# Recorded information
##############################

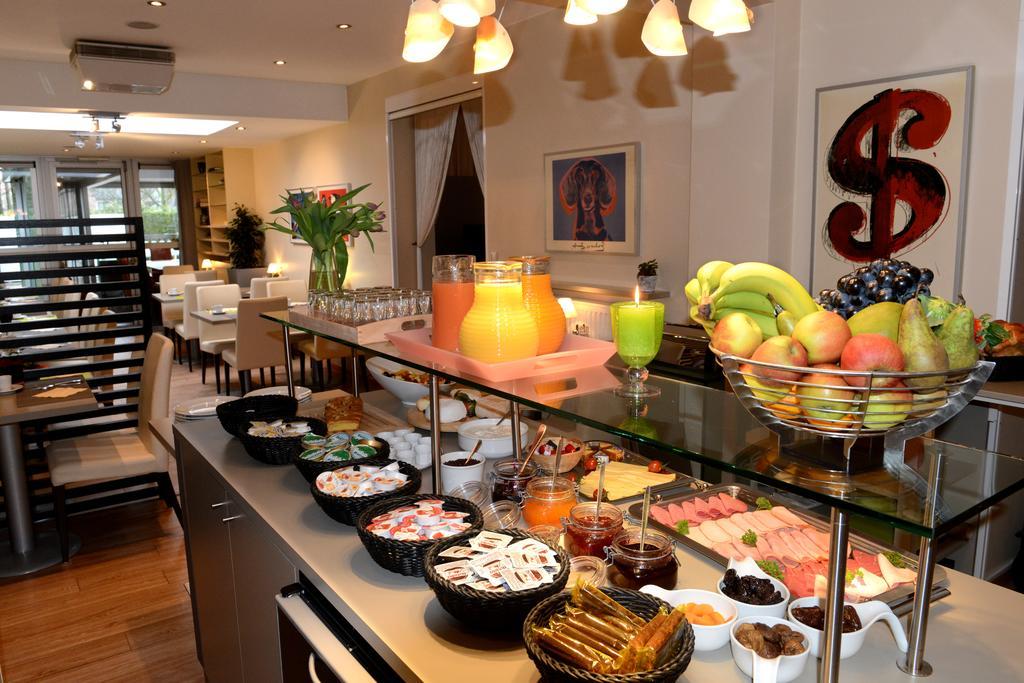 Hotel Vijfwegen Roeselare Esterno foto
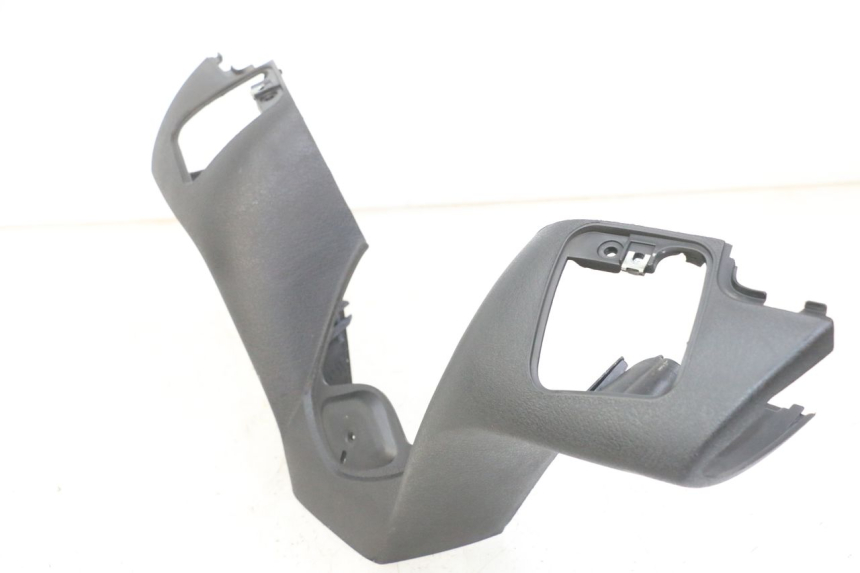 photo de HANDLEBAR COVER FRONT PIAGGIO MP3 500 (2011 - 2015)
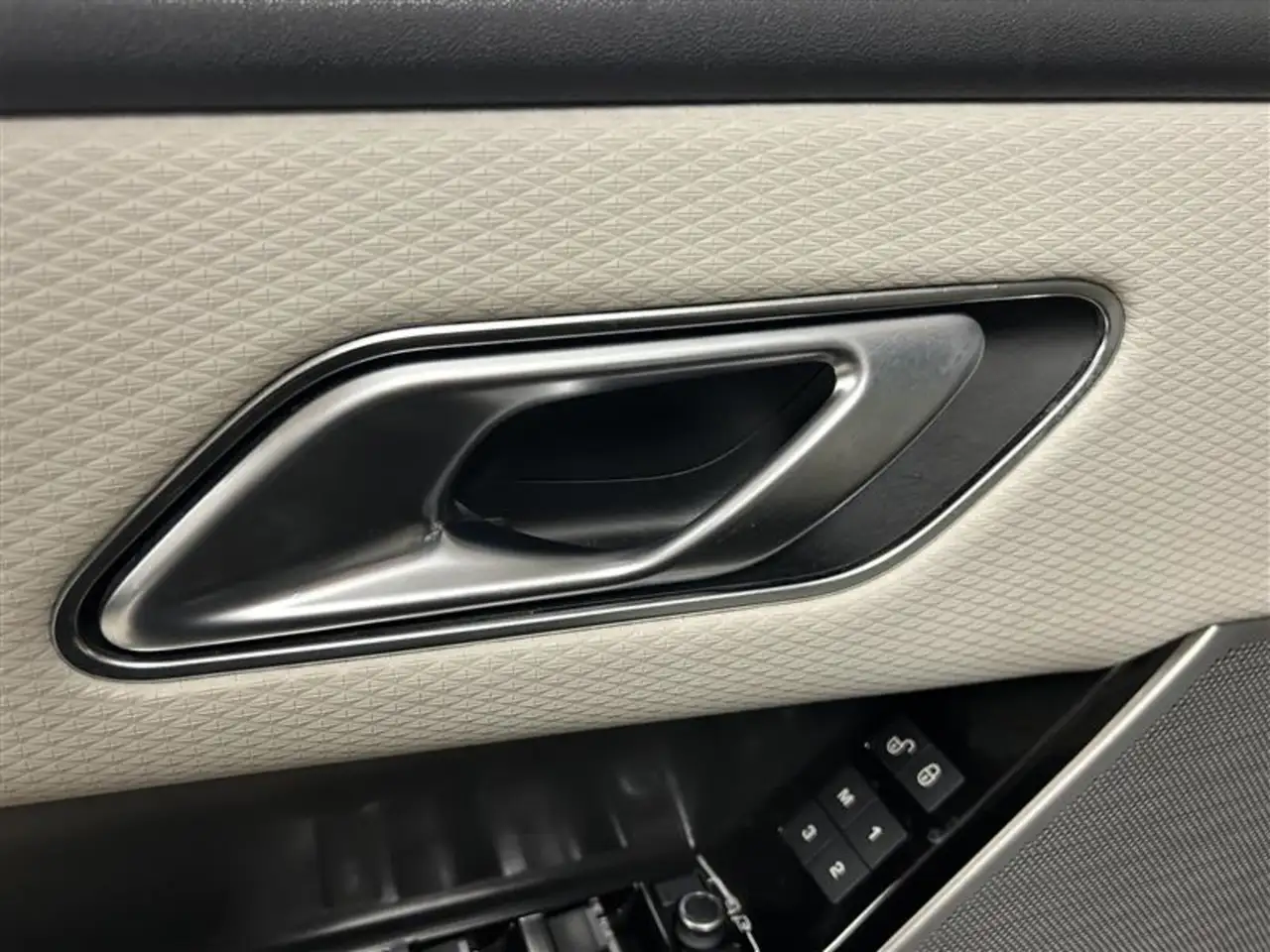 Land Rover Range Rover Velar снимка Land Rover Range Rover Velar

##############################

# Required action
From the first line to the last, retype the material exactly and exclude the pictures.

# Exercise answer
 Hotel Vijfwegen Roeselare Esterno foto
 photo de HANDLEBAR COVER FRONT PIAGGIO MP3 500 (2011 - 2015)
 Land Rover Range Rover Velar снимка Land Rover Range Rover Velar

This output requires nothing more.